◆ **YOUR TASK**
Below this line is a set of entries; quote exactly the lines from the line that contains "dzīvojamā istaba studijas" to the line that contains "May 1, 2024;", both lines included.

[Data extracted from a collection]
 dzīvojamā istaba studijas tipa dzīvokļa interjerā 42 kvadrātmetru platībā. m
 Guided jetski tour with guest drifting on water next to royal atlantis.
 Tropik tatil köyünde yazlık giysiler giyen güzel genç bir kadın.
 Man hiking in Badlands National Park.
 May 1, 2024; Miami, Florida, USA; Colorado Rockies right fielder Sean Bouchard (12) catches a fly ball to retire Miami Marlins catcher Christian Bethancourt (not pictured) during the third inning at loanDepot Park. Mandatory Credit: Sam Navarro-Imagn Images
...
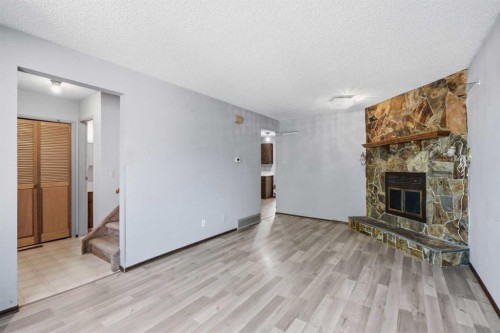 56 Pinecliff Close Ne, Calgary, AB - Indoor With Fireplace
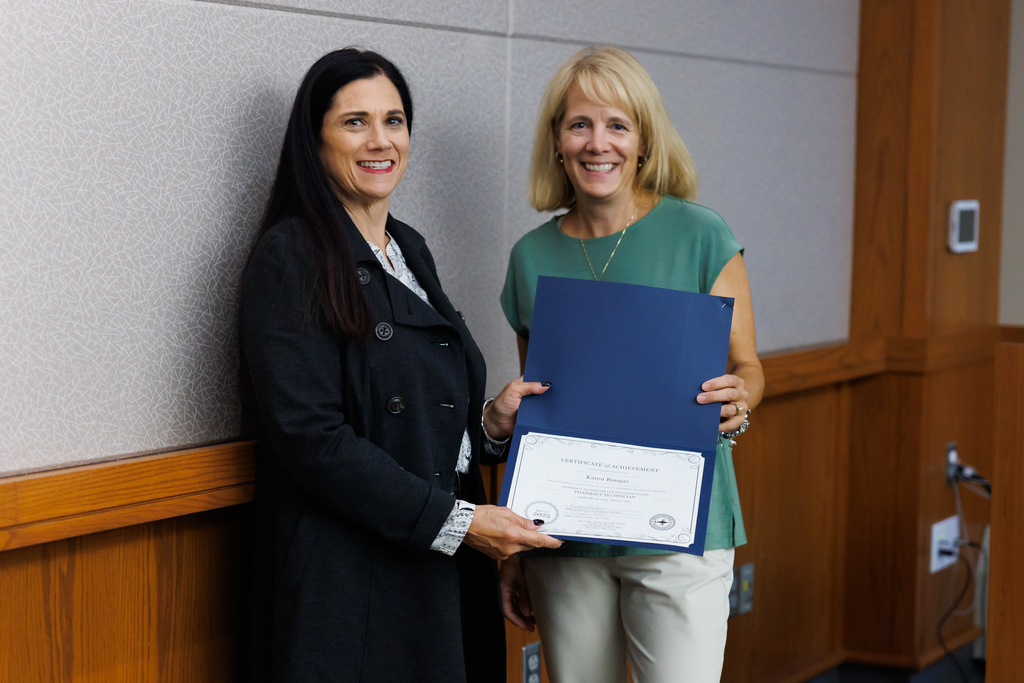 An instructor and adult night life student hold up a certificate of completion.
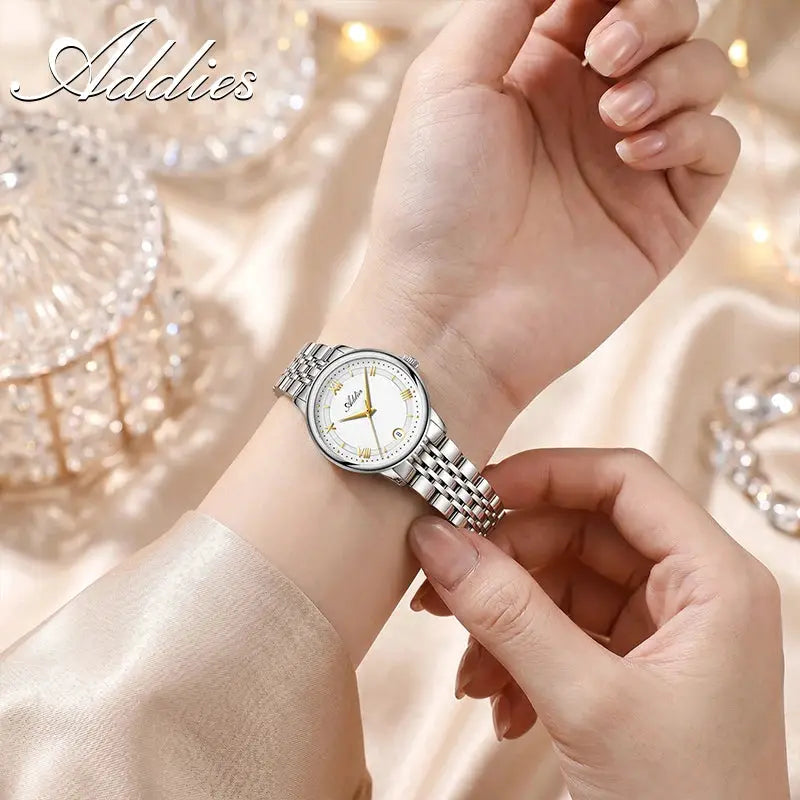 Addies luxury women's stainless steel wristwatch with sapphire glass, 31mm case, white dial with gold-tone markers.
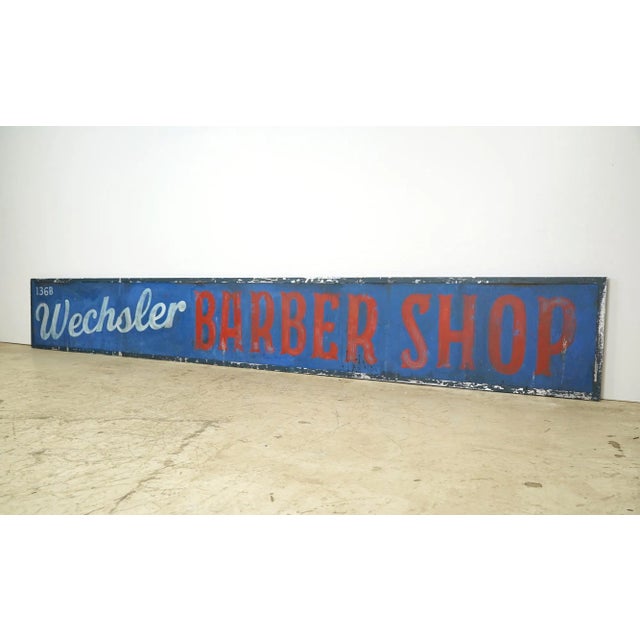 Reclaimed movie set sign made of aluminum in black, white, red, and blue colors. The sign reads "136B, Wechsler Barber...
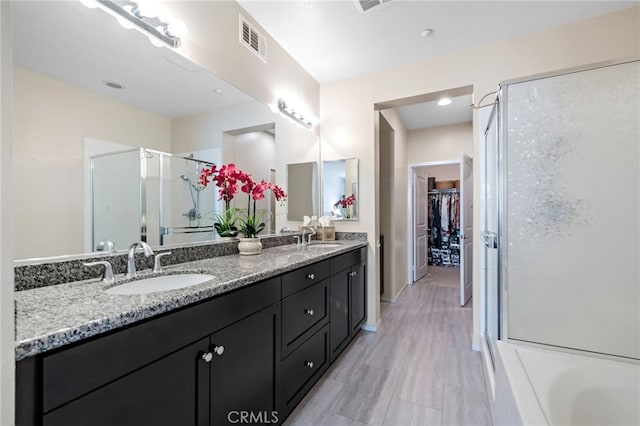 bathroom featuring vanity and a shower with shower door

◆ **EXERCISE RESULT**
 dzīvojamā istaba studijas tipa dzīvokļa interjerā 42 kvadrātmetru platībā. m
 Guided jetski tour with guest drifting on water next to royal atlantis.
 Tropik tatil köyünde yazlık giysiler giyen güzel genç bir kadın.
 Man hiking in Badlands National Park.
 May 1, 2024; Miami, Florida, USA; Colorado Rockies right fielder Sean Bouchard (12) catches a fly ball to retire Miami Marlins catcher Christian Bethancourt (not pictured) during the third inning at loanDepot Park. Mandatory Credit: Sam Navarro-Imagn Images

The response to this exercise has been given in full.